Abstract

Background: In the past years, treatment of advanced non-small cell lung cancer (NSCLC) has suffered a variety of alterations. Chemotherapy (QT), immune checkpoint inhibitors (ICIs), tyrosina kinase inhibitors have shown remarkable results. However, not all patients with NSCLC respond to these treatments or receive durable benefits. Thus, patient selection, as well as the identification of predictive biomarkers, represent a vital approach in the study of lung cancer. In this framework, metabolomics has been used in early diagnosis, to personalize treatment and to improve prognosis. 

Aims:To use metabolomic alterations in order to guide treatment choice.

Methods: Metabolomics was used to analyze the serum samples from 18 patients with Lung Adenocarcinoma (AdC) treated with QT and ICIs. All the samples were collected before, after 3 and 6 treatments, and were analyzed by NMR spectroscopy. Multivariate/univariate statistical analyses were used to discover significant differences between the two treatment groups.

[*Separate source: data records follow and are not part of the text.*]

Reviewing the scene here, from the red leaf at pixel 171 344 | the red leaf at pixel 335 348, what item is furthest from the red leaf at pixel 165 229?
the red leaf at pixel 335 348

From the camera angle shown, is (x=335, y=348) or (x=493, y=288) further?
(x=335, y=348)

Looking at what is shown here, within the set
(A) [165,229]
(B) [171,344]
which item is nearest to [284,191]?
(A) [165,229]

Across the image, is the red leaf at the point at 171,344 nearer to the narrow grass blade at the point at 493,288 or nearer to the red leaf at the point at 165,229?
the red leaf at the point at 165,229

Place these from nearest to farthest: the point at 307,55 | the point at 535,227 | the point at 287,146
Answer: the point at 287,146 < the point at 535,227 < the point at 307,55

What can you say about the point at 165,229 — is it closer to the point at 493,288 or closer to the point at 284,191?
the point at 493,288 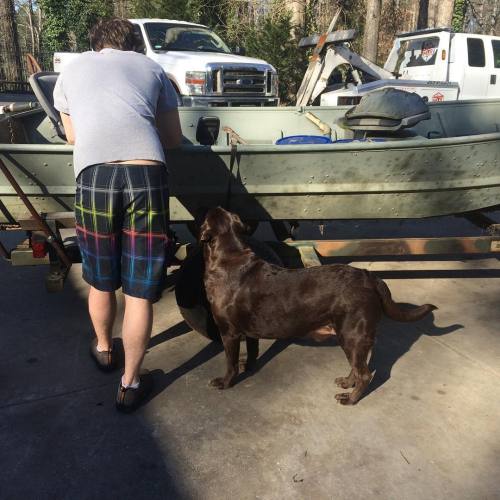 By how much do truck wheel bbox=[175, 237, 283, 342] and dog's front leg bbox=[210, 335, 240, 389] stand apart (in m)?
0.46

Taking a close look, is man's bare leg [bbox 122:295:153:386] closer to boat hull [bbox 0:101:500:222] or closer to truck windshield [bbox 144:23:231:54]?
boat hull [bbox 0:101:500:222]

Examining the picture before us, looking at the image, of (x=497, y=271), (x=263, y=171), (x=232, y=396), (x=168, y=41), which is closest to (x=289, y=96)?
(x=168, y=41)

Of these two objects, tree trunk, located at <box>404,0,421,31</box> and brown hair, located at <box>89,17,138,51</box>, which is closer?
brown hair, located at <box>89,17,138,51</box>

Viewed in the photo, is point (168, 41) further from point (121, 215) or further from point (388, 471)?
point (388, 471)

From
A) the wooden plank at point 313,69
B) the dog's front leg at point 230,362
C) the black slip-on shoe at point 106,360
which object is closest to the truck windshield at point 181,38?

Results: Significantly, we showed that the serum glucose levels of patients under QT became higher throughout the treatment course, which could be related to tumour response to therapy. It was also significantly found that alanine levels were higher in the QT group, and became lower during the treatment course, fact that was not observed in the IT group. This lead to the hypothesis that it could be associated to frailty. 

Conclusions: Metabolomics represents a potential strategy for the real-time patient selection and monitoring of therapy efficacy in treated patients with AdC. Newer studies are needed in order to improve the prospective identification of predictive markers.